# Thrive All In One Liquid Fertilizer? Yay or Nay?



## AWolf

It bothers me when they don't list the contents on their front page. It appears I would have to go out of my way to see what is in this fertilizer. List of ingredients? Something to tell me what kind of iron chelation and amounts? I don't like that. The first thing you should see is what the product is, not what it can do.


----------



## Nazasaki

AWolf said:


> List of ingredients?


It says, at least per the picture on the bottle: Contains Nitrate, Phosphate, Potassium, Iron, Magnesium, Copper, Boron, Manganese, Molybdenum, and Zinc.

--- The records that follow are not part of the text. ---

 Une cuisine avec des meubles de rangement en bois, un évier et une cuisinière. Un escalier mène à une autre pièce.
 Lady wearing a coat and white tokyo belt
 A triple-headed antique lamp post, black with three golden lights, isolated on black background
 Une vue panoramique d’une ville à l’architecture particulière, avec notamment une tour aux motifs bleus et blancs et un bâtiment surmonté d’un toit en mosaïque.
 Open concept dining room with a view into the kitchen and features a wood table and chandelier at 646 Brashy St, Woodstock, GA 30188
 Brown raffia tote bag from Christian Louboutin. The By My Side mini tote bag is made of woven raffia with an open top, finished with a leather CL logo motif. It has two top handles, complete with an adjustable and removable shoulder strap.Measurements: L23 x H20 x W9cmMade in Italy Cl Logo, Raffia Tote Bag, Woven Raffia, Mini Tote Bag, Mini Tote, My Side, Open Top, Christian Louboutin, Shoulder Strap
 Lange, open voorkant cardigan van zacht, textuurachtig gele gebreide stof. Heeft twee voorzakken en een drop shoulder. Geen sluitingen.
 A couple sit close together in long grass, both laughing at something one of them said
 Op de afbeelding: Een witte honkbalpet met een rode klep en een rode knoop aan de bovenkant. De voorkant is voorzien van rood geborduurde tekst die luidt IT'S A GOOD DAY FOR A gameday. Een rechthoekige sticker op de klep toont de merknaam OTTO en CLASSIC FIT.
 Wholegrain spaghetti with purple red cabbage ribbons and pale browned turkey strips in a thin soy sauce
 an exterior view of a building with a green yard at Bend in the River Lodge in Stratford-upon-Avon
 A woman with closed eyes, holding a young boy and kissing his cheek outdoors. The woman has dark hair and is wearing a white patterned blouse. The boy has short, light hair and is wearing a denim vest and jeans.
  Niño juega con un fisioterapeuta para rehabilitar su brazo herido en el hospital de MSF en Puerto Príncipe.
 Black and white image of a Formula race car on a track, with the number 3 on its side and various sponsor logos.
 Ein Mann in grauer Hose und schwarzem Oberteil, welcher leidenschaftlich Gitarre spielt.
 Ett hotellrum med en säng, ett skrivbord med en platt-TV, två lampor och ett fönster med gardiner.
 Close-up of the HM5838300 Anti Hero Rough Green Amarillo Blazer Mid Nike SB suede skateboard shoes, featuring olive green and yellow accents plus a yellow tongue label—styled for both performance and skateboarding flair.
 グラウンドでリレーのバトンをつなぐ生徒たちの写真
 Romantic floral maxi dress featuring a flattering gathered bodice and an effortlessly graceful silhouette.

Bump: Nilcog also has a Macro and Micro liquid fert, in separate bottles. All ingredients and amounts are listed.
http://nilocg.com/liquid-npk-m/


----------



## AWolf

Nazasaki said:


> It says, at least per the picture on the bottle: Contains Nitrate, Phosphate, Potassium, Iron, Magnesium, Copper, Boron, Manganese, Molybdenum, and Zinc.


Amounts and types is more important to me. My problem is their web page lack of description. And if that is all the bottle says, and does not mention amounts and types somewhere, it would be hard to say what value it has in aquariums. I remain skeptical without the metrics. I hate hate hate when the first web page defines the product loosely like ...some of this, some of that. I'm trying not to kill any fish and the fastest way to kill them is with fertilizing. I have a new respect for those on this and other forums that have kept planted tanks with fish while fertilizing. I would be willing to bet 10 bucks that the best planted tanks know exactly how much of any substance is entering their water column, and mix their own fertilizers. So pre-mixed product with hard to find specs will always be suspect to me.


----------



## Nazasaki

AWolf said:


> So pre-mixed product with hard to find specs will always be suspect to me.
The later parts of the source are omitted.